**Task description**
Nothing but the text of the records should come back; copy it exactly and leave the pictures out.

Dataset excerpts:
● ● ● ●

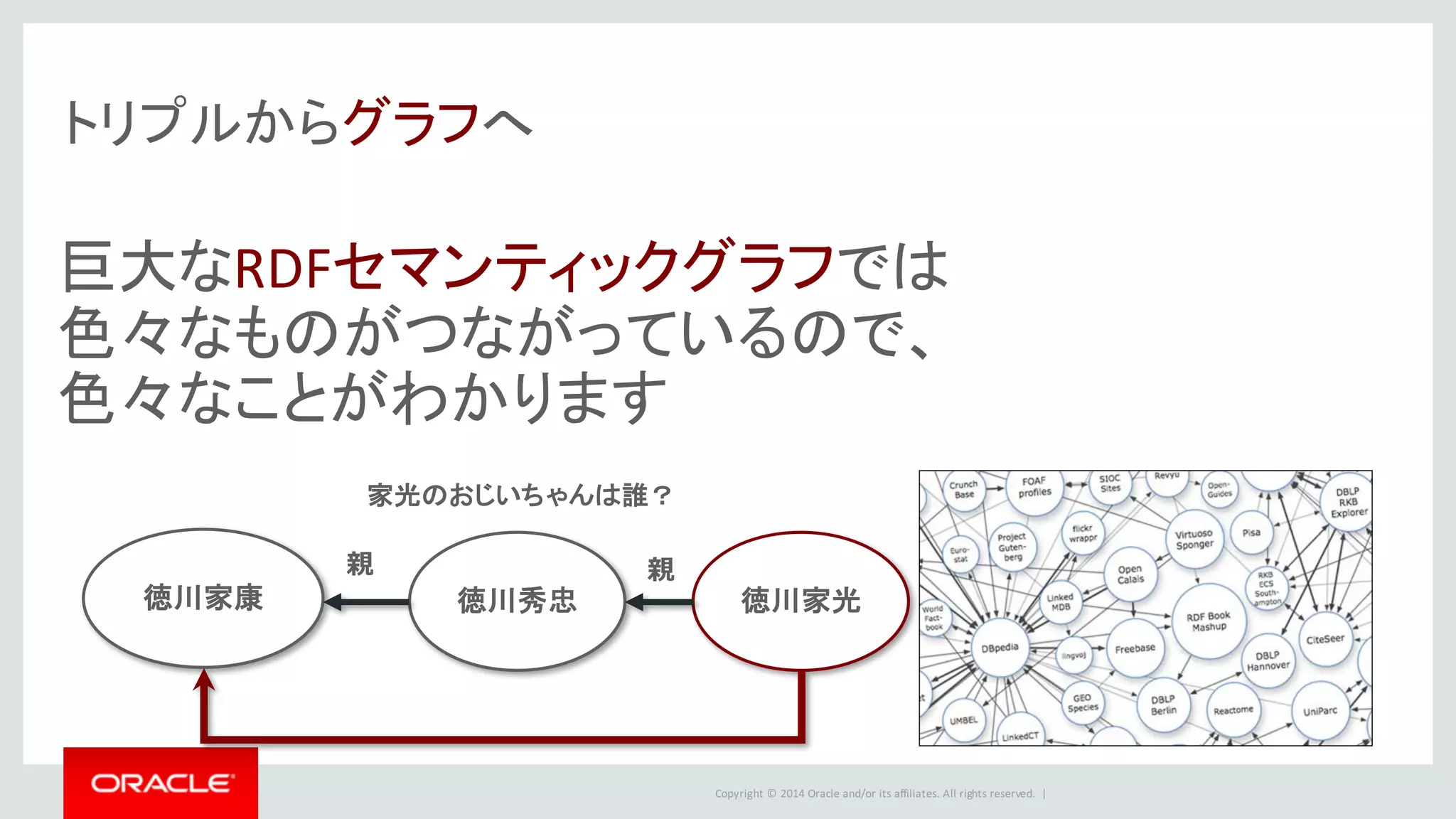 Copyright	©	2014	Oracle	and/or	its	affiliates.	All	rights	reserved.		|
トリプルからグラフへ
巨大なRDFセマンティックグラフでは
色々なものがつながっているので、
色々なことがわかります
徳川家康 徳川秀忠 徳川家光
親親
家光のおじいちゃんは誰？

● ● ● ●

**Written response**
 Copyright	©	2014	Oracle	and/or	its	affiliates.	All	rights	reserved.		|
トリプルからグラフへ
巨大なRDFセマンティックグラフでは
色々なものがつながっているので、
色々なことがわかります
徳川家康 徳川秀忠 徳川家光
親親
家光のおじいちゃんは誰？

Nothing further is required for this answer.